Le projet controversé des restaurants sans pourboire 

Certains restaurants au Québec, comme Le Bicois, ont aboli l’imposition du pourboire dans leur salle à manger. Cette nouvelle formule divise les étudiant(e)s qui travaillent dans le milieu de la restauration, ainsi que ceux et celles qui fréquentent souvent les restaurants. 

Dans ces restaurants, inutile d’offrir du pourboire en payant : le prix des plats sur le menu inclut le service, à l’européenne. 

Le Bicois, buvette locale située à Rimouski, a annoncé ses couleurs dès son ouverture, le 24 juin dernier. Elle a informé d’emblée la clientèle de sa formule sans pourboire. Élizabeth Tremblay, copropriétaire de l’établissement, se montre enthousiaste.

« Les employés de service et de cuisine sont tous payés entre 20 $ et 25 $ de l’heure. […] Toutes les inégalités en ce qui concerne la salle à manger et la cuisine sont abolies parce que tout le monde a un salaire fixe, donc ça, c’est vraiment chouette! »

Élizabeth Tremblay, copropriétaire du Bicois

D’après Mme Tremblay, le salaire annuel fixe constitue un véritable avantage pour les employé(e)s du Bicois. « Après les vacances de la construction, l’achalandage diminue drastiquement, donc ça permet à tous les employés d’avoir une stabilité financière ». 

Plus abordable pour les étudiant(e)s?

Delphée Serre, étudiante au Baccalauréat en télévision à l’UQAM, pense que l’intégration du prix du service dans les plats rend les restaurants plus abordables pour les étudiant(e)s. « Ça permet de mieux planifier son budget par rapport à nos sorties au restaurant », pense-t-elle. 

Elle soutient qu’une amélioration de la façon dont les pourboires sont perçus est nécessaire. « Je crois que s’il y a plus de réglementation, par exemple, en mettant le pourboire avant les taxes ou en ayant certains seuils de pourboire fixes, ça pourrait vraiment régler le problème et donner une vision plus positive du pourboire. » 

Pour Alexis Leblanc-Dussault, étudiant au Baccalauréat en droit à l’UQAM, le pourboire est une forme de reconnaissance envers le travail d’un employé(e). « Je trouve ça dommage que celles et ceux qui offrent un service impeccable et à qui on offre donc un pourboire généreux de 20 % vont devoir s’en passer. » 

Des impacts conséquents 

Selon l’Association Restauration Québec (ARQ), il y avait plus de 78 000 employé(e)s âgé(e)s de moins de 25 ans en 2021 dans les services de restauration et d’hébergement québécois. Martin Vézina, vice-président aux affaires publiques et gouvernementales pour l’ARQ, affirme que « les employés à temps partiel de notre secteur sont principalement des étudiants ».

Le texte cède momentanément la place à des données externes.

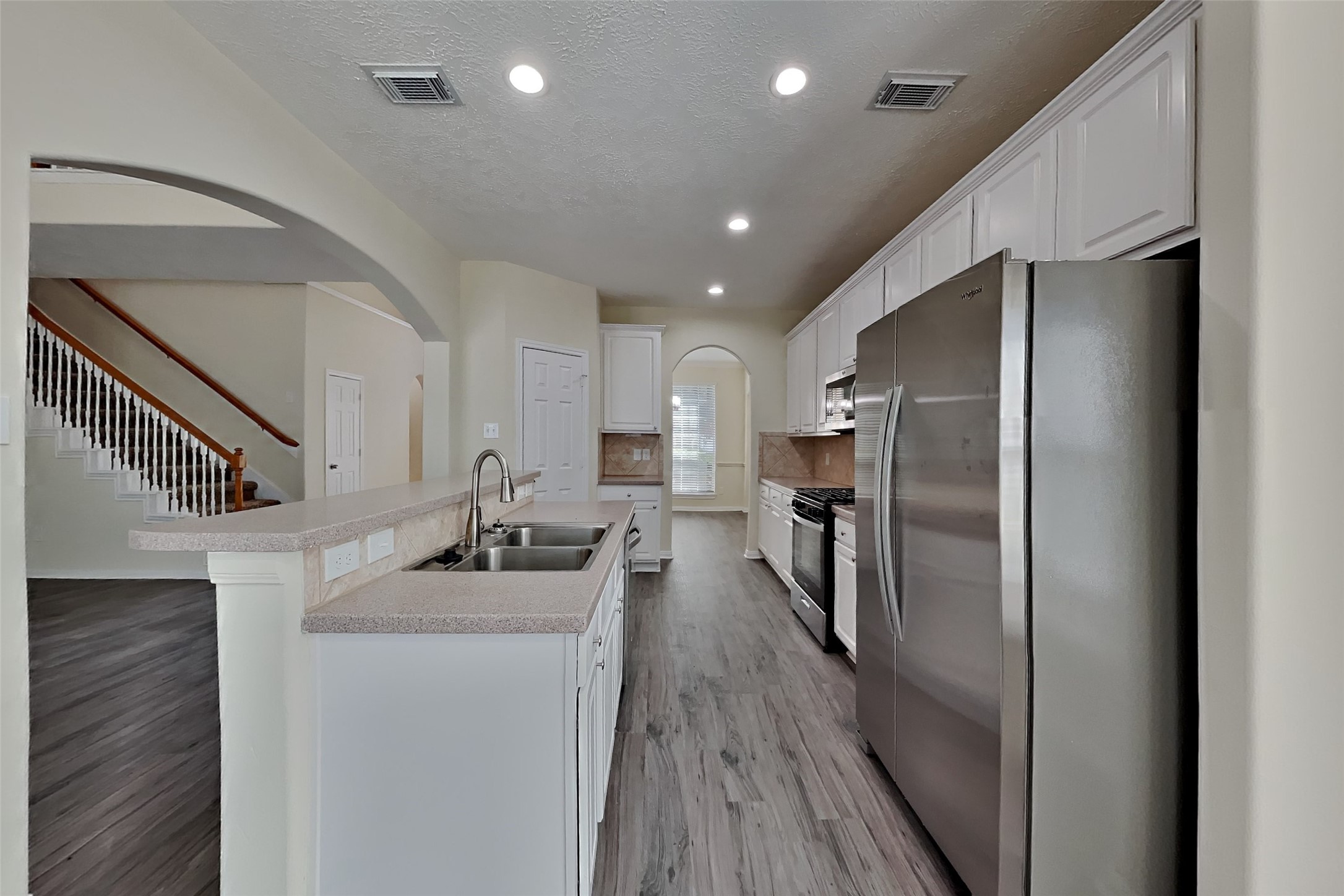 6819 Amber Pine Court Property Photo 4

Une serveuse ou un serveur qui travaille à pourboire « peut gagner en moyenne 40$ par heure », explique M. Vézina. Il ajoute qu’il s’agit « d’un montant important. C’est sûr que, pour des étudiants, ça fait un revenu d’appoint qui leur permet d’être bien pendant leurs études ».

M. Vézina indique que, sans les pourboires, la rémunération horaire n’est plus la même. Pour compenser les fluctuations dues au pourboire, les employeurs offrent « des montants plus proches d’un 25 à 30 $ de l’heure, ce qui est comparable au salaire des cuisiniers ». 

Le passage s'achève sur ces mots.